The South Australian Government has made it clear it is fighting to return fresh water to the Lower Lakes of the Murray River, as it launches a royal commission into the Murray-Darling Basin.
SA Premier Jay Weatherill marked the start of the royal commission by visiting Meningie on the lower lakes.
Barrister Bret Walker is set to begin his investigation after the final terms of reference were gazetted on Wednesday.
He will examine the effectiveness of the existing Murray-Darling Basin Plan and whether it can deliver on its promise to ensure the system’s environmental health and future as a sustainable resource.
The inquiry will also examine compliance from all states with the current plan and whether alternative arrangements need to be put in place.

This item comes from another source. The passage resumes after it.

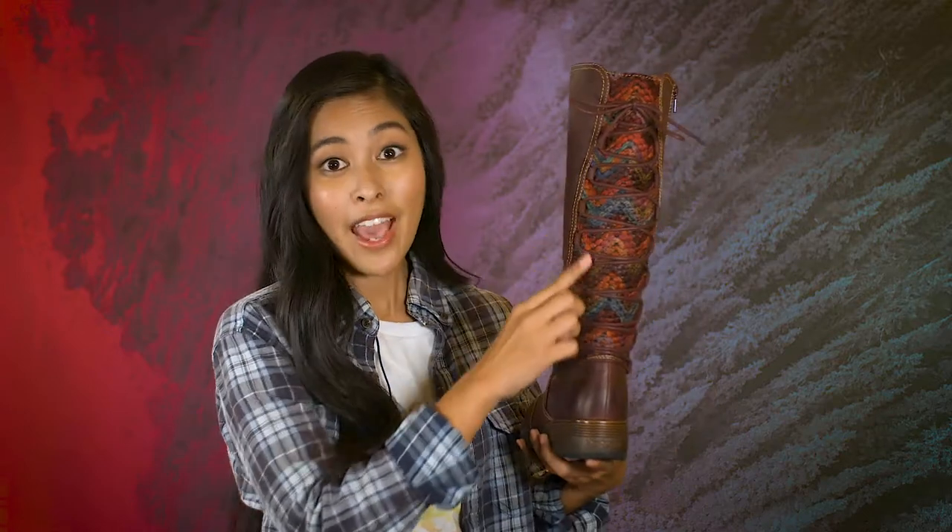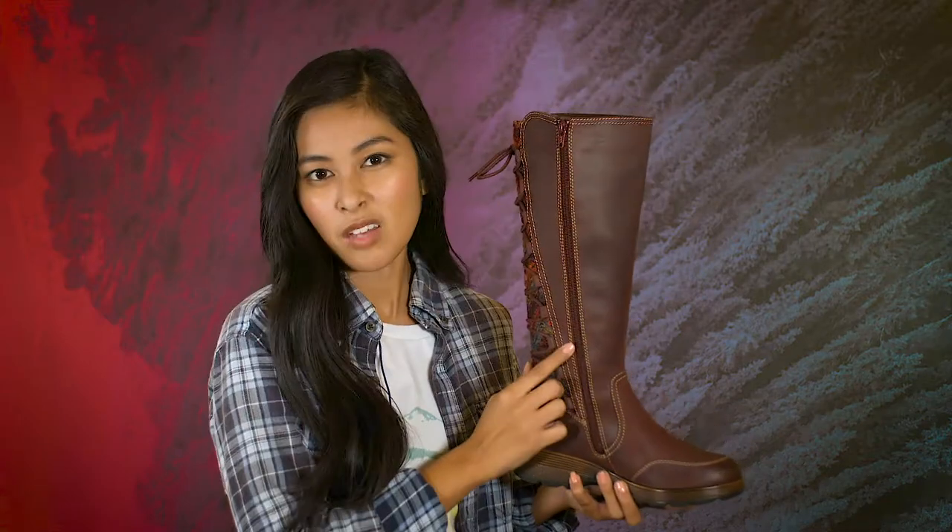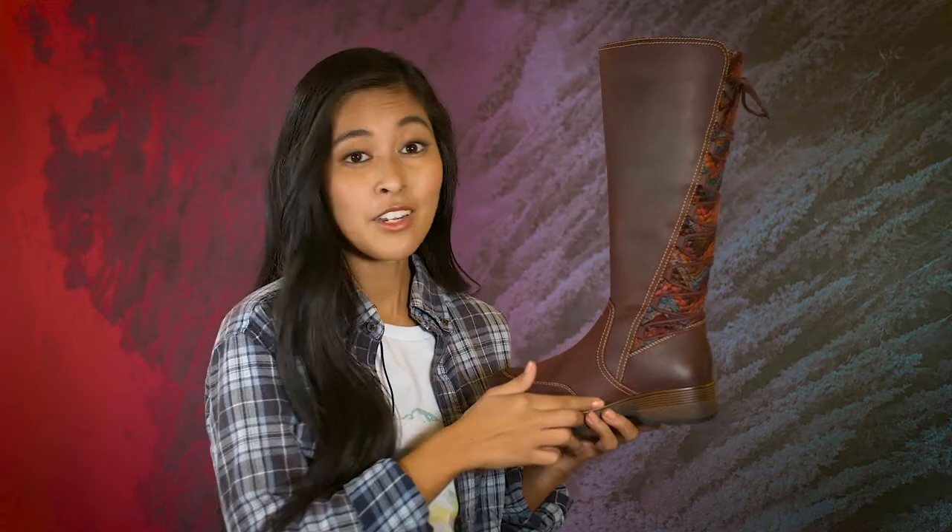The laces are adjustable at the calf to make sure that these guys fit like a glove. There is a side zipper as well to make your life that much easier. Inside, we also have our removable padded footbed for never-ending comfort.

Mr Weatherill said one of the first things he did as premier was stand up for the Murray and secure 3200Gl of water to deliver a healthy Murray-Darling Basin.
‘‘But we must always remain vigilant and it’s clear some people upstream have been doing the wrong thing,’’ he said.

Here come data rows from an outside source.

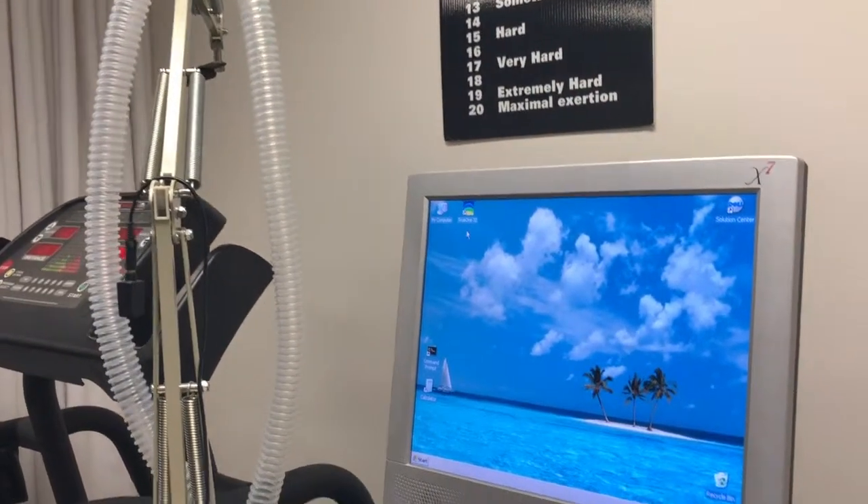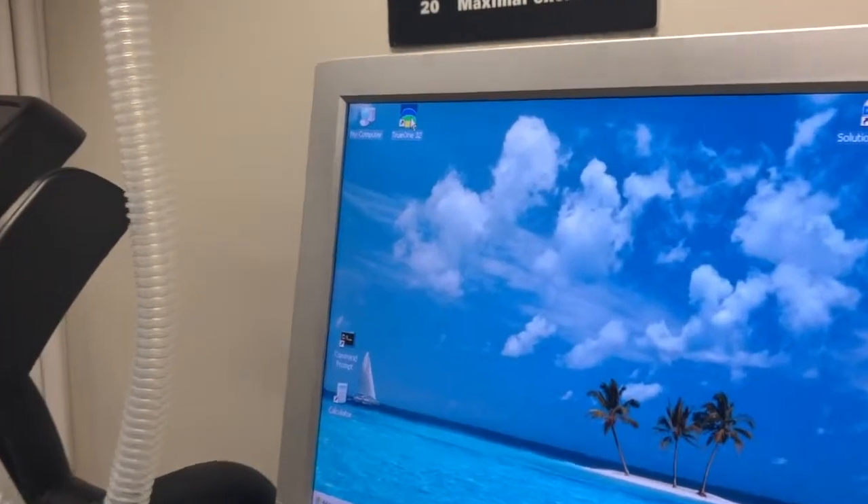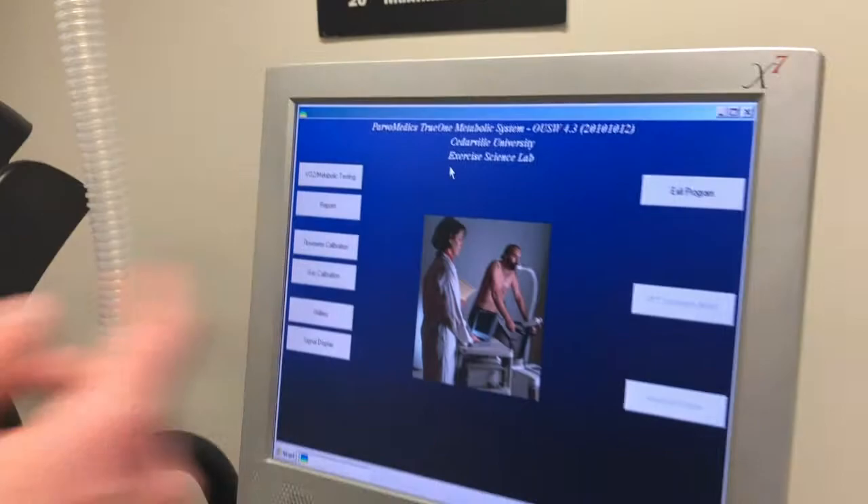The first thing you're going to do is turn on the computer and turn on all the machines. The application you're going to want to pull open is TrueOne. Click on that and that's the screen that should come up.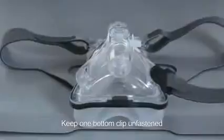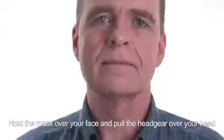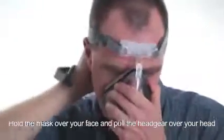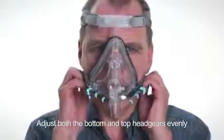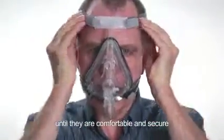Keep one bottom clip unfastened. Hold the mask over your face and pull the headgear over your head, then connect the unfastened clip to the mask. Adjust both the bottom and top headgears evenly until they are comfortable and secure.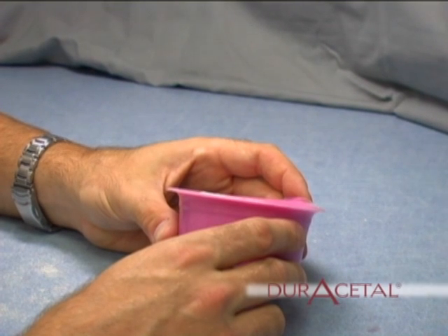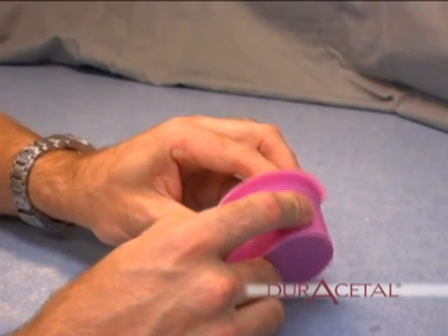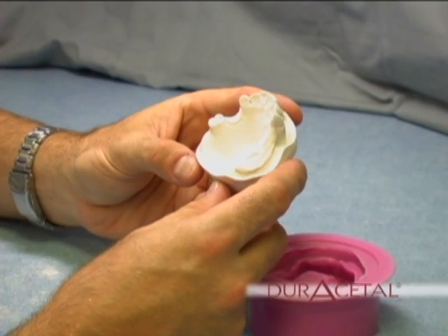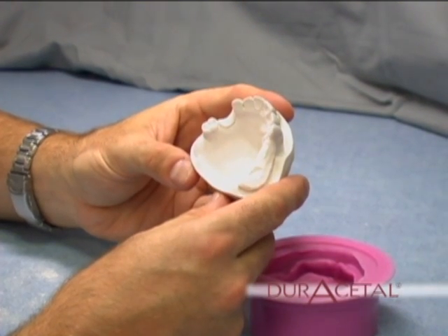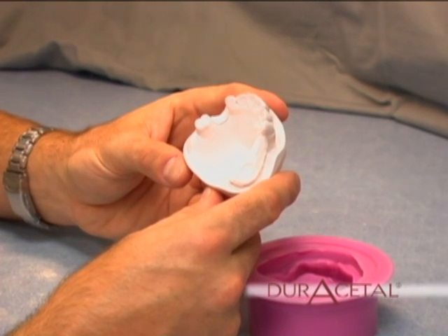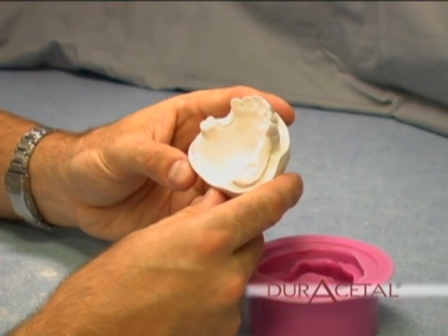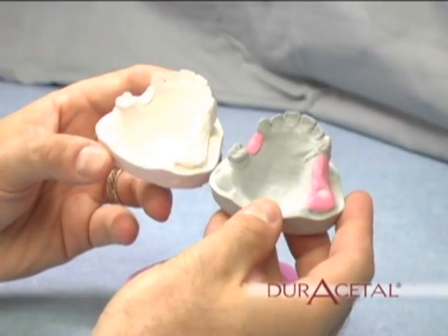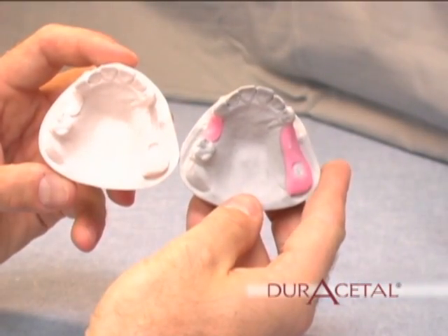Pour up the duplicated mold using Sedium Dental's expansion stone. Be sure to use expansion stone, because duracetal shrinks as it cools, and these stones counteract the shrinkage. If a more passive fit is needed, like with a night guard, Sedium Dental has a double expansion stone. Here we have the blocked out master model next to the expansion stone duplicate.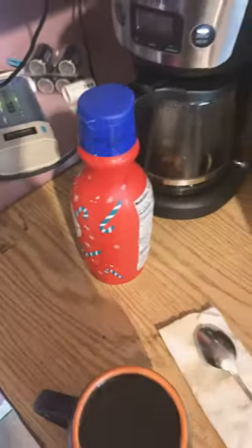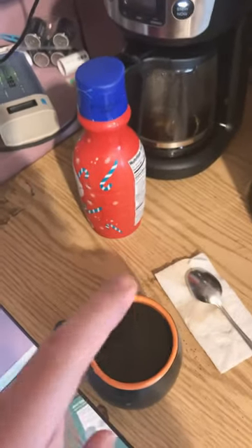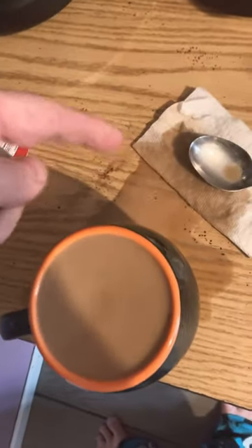Typically I take my coffee with one sugar cube and some creamer, but we're gonna try the creamer on its own to see if it's powerful enough to make this coffee drinkable. You know it's a good pour when the coffee streams off the side.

‘‘Now it’s time to stand up again and fight for what’s right.’’
Mr Weatherill announced the royal commission late last year after an independent basin authority review — sparked by reports of widespread water theft — found NSW and Queensland were failing to make sure irrigators complied with water rules.

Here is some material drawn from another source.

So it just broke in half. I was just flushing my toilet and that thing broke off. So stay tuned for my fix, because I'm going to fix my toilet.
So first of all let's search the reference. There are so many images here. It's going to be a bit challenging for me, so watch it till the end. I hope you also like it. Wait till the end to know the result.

The royal commission has the support of the state Opposition and SA irrigators while the Federal Government has indicated it will co-operate with the investigation.
Mr Walker is to present his final report to the SA Government by February 1 next year but has the discretion to hand down interim reports.
Before barrages were built in the 1930s, tidal effects and the intrusion of seawater occurred during periods of low flow into the Lower Lakes and in the Murray River, up to 250km upstream from its mouth.
Although not in the Murray-Darling Basin, Adelaide pumps about 40 per cent of its city water supplies from the Murray River.